Both these pieces bring such powerful images and juxtapositions that we are made to think of all those early and renaissance artists constructing the ideal male and female forms.

ReDoing GENDER 1.5 is performed by Constantinou himself and begins with an ape-like being in a lab situation. There are objects in the space and depending on how they are used there is either a red light accompanied by a harsh noise or a green light with a reassuring noise. This jarring of the idea of a scientific environment with the fact that the ape is choosing identity based on positive or negative reinforcement is a complex and anarchic metaphor. As the piece progresses the ape goes from playing in a box like an animal to emerging as a giant baby complete with tears like a newborn. If there was any proof needed of the virtuosity of Constantinou it could be seen here in his arrestingly realistic movement as a baby. The detail of movement quality only lead to renewed hilarity and absurdity when the baby character donned a suit and set about becoming a grown up, all whilst wearing the baby mask.

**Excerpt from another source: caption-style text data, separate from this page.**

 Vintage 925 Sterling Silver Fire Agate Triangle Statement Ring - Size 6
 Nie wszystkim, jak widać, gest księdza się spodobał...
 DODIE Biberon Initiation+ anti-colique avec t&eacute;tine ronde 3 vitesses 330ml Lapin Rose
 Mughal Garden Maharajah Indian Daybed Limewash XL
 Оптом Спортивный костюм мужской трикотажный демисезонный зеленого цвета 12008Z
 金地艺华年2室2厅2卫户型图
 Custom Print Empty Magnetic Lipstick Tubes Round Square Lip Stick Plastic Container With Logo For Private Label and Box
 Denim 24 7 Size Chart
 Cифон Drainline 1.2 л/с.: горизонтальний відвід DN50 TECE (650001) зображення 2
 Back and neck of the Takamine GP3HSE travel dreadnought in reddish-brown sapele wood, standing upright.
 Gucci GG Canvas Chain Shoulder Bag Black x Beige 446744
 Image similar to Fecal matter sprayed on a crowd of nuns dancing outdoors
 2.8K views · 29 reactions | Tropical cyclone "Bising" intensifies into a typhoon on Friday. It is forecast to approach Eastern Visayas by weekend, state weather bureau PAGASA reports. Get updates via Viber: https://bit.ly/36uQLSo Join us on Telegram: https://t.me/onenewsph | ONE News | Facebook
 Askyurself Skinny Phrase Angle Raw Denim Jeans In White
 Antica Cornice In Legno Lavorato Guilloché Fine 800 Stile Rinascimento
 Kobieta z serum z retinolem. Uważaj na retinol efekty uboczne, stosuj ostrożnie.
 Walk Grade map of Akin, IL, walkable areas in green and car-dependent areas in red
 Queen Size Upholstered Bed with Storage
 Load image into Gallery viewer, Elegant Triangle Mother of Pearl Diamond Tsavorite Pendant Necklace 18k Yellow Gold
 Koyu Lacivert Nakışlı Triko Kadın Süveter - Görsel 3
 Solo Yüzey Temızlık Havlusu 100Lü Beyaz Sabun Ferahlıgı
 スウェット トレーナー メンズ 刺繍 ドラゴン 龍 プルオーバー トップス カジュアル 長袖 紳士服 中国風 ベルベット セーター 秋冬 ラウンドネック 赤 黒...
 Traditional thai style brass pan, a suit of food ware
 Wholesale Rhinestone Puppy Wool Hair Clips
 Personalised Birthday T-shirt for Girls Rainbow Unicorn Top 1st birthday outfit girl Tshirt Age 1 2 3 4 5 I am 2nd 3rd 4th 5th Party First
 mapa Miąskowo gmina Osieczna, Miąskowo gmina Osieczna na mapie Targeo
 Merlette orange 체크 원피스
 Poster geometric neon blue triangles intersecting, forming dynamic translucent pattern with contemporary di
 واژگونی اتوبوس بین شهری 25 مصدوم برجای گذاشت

The WOMANHouse begins with an explosion of lad-ism as four performers burst onto stage posturing and grunting and egging each other on. It opens up another form of reinforcement, this mutual agreement that they’re all ‘lads’. Their willingness to cheer on every act or sound of masculinity is as absurd as the culture that takes it seriously. As the piece progresses the singular personalities of each performer begin to come forward and with this is a stripping away of clothing, facial hair and gestures which have become unnecessary. What was initially funny and charming as a group of ‘lads’ postured and backslapped becomes a  much more complex and difficult bunch of identities to deal with.

I think one of the beautiful experiences of seeing movement based performance is that we’re not asked to make sense of it but rather to have feelings, thoughts and images. I remember when I was growing up people spoke about having babies and not christening them with any religion but rather letting them choose their own when they were old enough to decide. At the time this was seen as progressive. Watching these performances made me think we could probably afford the same progressive thinking nowadays when it comes to our children’s identity.